On a new space consisting of norm maintaining functions

TL;DR

This paper introduces a new space of functions with equal norms in different spaces, explores its properties, and provides a renorming technique that extends the space to include the original space as a special case.

Contribution

It defines the space $LH(X,Y)$, studies its properties, and presents a renorming method that extends the space to recover the original space $X$.

Findings

Characterization of $LH$ and $LHW$ spaces.

Conditions for norm attainment imply membership in $LHW$ or $LH$.

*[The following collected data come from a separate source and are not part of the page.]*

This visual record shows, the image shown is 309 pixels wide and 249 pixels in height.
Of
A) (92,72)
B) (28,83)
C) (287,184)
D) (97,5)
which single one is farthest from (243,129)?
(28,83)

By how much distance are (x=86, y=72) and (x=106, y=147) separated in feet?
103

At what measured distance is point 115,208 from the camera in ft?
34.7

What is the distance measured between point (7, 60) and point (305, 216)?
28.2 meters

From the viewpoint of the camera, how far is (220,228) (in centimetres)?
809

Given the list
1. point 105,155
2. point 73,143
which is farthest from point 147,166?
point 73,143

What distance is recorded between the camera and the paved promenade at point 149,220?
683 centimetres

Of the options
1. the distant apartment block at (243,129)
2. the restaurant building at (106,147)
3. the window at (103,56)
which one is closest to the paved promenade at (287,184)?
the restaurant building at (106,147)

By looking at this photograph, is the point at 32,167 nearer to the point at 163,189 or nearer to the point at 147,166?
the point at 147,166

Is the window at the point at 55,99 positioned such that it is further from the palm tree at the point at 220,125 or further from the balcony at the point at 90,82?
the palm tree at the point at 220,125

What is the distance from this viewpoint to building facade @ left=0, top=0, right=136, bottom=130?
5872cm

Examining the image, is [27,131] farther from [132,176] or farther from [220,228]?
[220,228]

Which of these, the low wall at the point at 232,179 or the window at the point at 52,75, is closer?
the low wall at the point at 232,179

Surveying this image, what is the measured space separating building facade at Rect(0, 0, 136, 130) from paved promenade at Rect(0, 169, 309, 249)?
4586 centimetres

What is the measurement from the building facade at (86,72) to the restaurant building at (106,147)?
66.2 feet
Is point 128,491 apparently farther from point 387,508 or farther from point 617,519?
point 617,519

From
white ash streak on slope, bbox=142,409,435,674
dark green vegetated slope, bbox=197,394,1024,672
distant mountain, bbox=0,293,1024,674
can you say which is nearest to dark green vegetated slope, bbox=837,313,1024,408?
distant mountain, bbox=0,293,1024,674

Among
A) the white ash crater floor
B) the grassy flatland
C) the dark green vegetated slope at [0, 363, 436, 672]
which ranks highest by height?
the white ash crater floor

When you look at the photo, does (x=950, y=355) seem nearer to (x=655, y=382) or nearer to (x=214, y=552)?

A renorming technique that extends $Y$ so that $LH(X,\widetilde{Y})=X$.

Abstract

In this paper we define a new space, $LH(X,Y)$, consisting of functions $f\in X \subset Y$ (with $X,Y$ normed spaces) such that $\| f \|_X \equiv \| f \|_Y$ (where $\| \cdot \|_X$ is any norm on $X$, in general not the norm induced by $\| \cdot \|_Y$ on $X$). In Section 2 we study some properties involving $LH$ and Schur's property, norm attainment and $LHW$ (a weaker version of $LH$). In particular, one of the main results of this section states that strong and weak norm attainments together with some conditions imply that the considered function belongs to $LHW$ or $LH$ (depending on which conditions are satisfied). In Section 3 we renorm in a natural way the space $Y$ so that $LH(X,\widetilde{Y})=X$, obtaining an important extension Theorem.